Image source: Getty Images.

1. The underlying reason why the stock is going public

As a retail investor, it helps to look at an IPO as a sales pitch. Essentially, someone is trying to sell you something (shares in their company) that they previously had all to themselves. And it makes sense to dig deeper into the reasons why they are suddenly willing to give up partial ownership of their company's future earnings in return for cash today.

For small, unprofitable companies, it's easy to answer this question: they simply don't have the money they need to expand operations, or the ability to raise funds internally or access debt financing at an acceptable interest rate. An established company like SpaceX wouldn't normally have such problems. However, an aggressive pivot to generative artificial intelligence (AI) has exposed the business to new expenses that it needs help paying.

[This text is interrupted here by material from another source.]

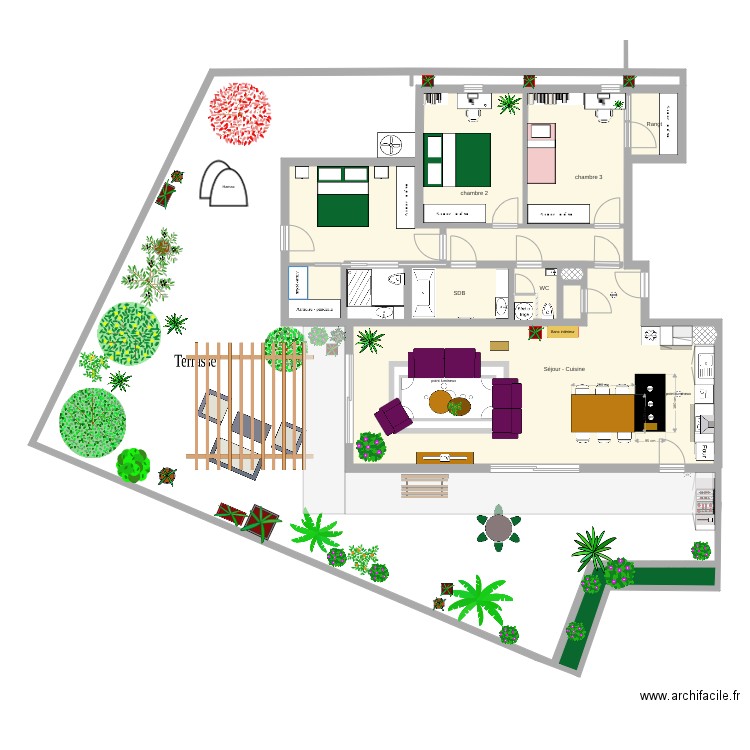 B32v3. Plan de 0 pièce et 0 m2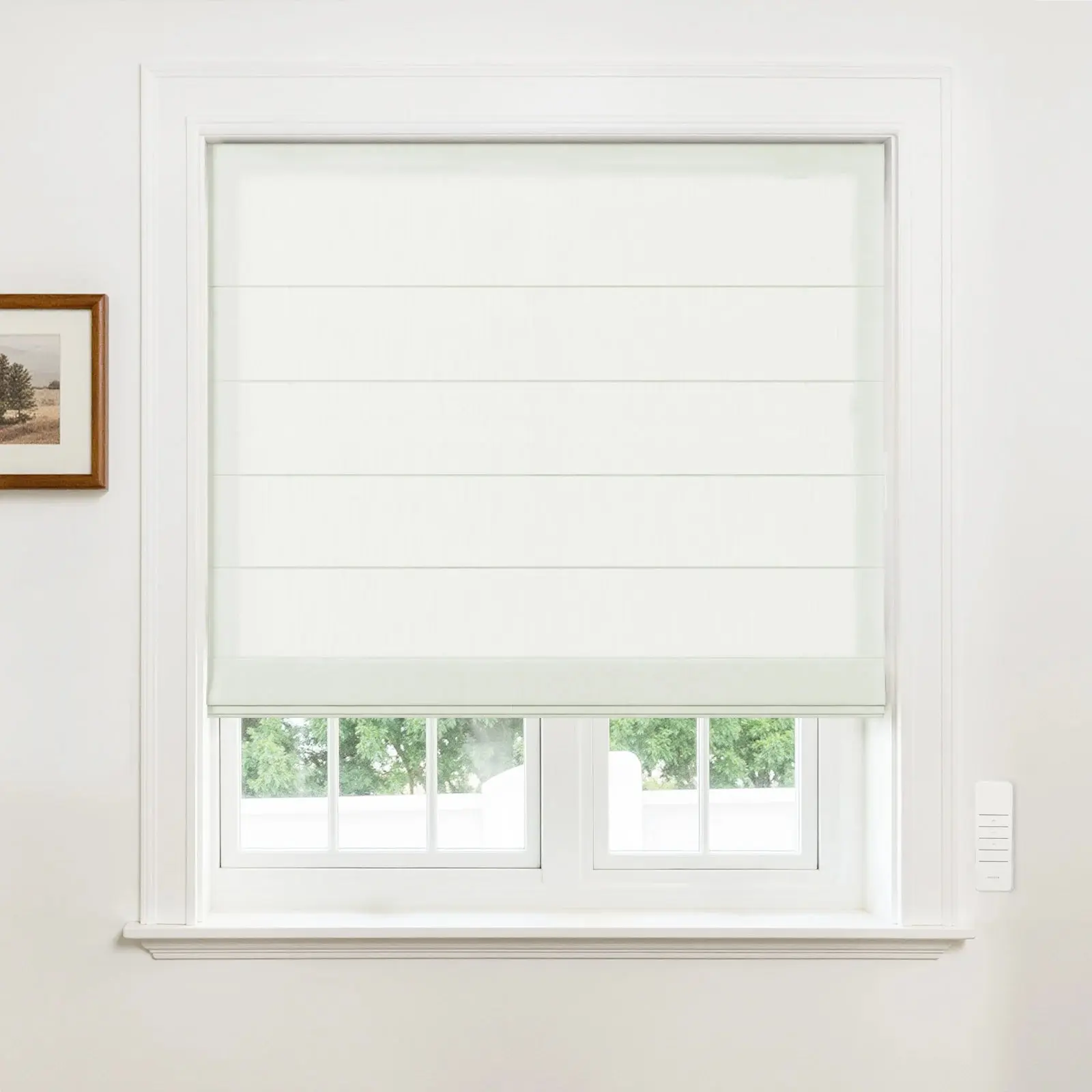 Alvin Motorized Sheer Light Filtering Roman Shade - Image 24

Financial news service The Information reports that SpaceX lost just under $5 billion in 2025. And this was largely because of the $250 billion acquisition of Elon Musk's AI company, xAI. Generative AI development requires immense capital spending for hardware and data centers. And investors who bet on the SpaceX IPO should expect this to put a significant drag on earnings and cash flow, with long-term success far from guaranteed.

2. SpaceX is already massive

SpaceX's AI-driven losses aren't the only cause for concern. With an expected valuation of $2 trillion, the company will be one of the largest public stocks in the world -- up there with giants like Apple, Nvidia, and Meta Platforms. By default, new investors will be somewhat late to the party, missing out on the years of triple-digit equity value growth that led the company to its current position.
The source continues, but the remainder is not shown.